The good: 1) SproutCore's MVC controller support is very nice, and a joy to use. You can wire up a view to an underlying data model, and you get bidirectional data propagation. 2) The SproutCore list view feels like a native widget, with excellent keyboard and mouse integration. 3) SproutCore gets a lot of fundamental architectural decisions correct. It's highly declarative, and you get an enormous amount of functionality for a tiny amount of code.

The bad: 1) SproutCore scrolling is choppy, and two-finger scrolling on the Mac is a mess.
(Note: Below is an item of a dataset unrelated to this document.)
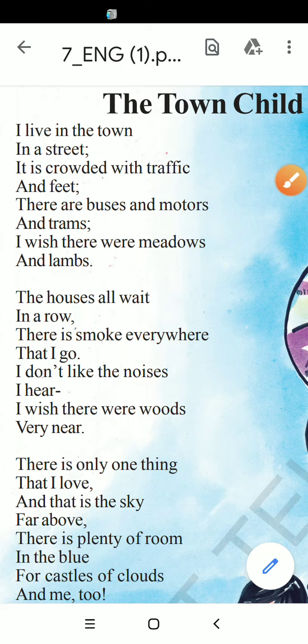Welcome back to Nithigna Tutorials. Today we are going to talk about an excellent poem written by Irene Thompson. The poem is in seventh class, the very first unit to be read — 'The Town Child and the Country Child.'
This is easy to fix—just use native scrolling—but the core team hasn't gotten around to fixing it. 2) As of this spring, SproutCore had no internal error-checking, which meant that I would spend literally 90% of my programming time in debugging hell. Once I finally figured things out, the answer was always 5 lines of beautiful, undocumented code. 4) The SproutCore testing situation was really shoddy—no Steak/Cucumber-style integration framework, and a dodgy unit test runner.

I _really_ want SproutCore to work. It's a gorgeous framework in so many ways, and as far beyond jQuery as Rails is beyond PHP. But as of early this summer, SproutCore wasn't ready for prime time. Fortunately, there's nothing wrong with SproutCore that a year of Yehuda Katz's time couldn't fix. So I'm really excited about this announcement, and seriously considering returning to SproutCore.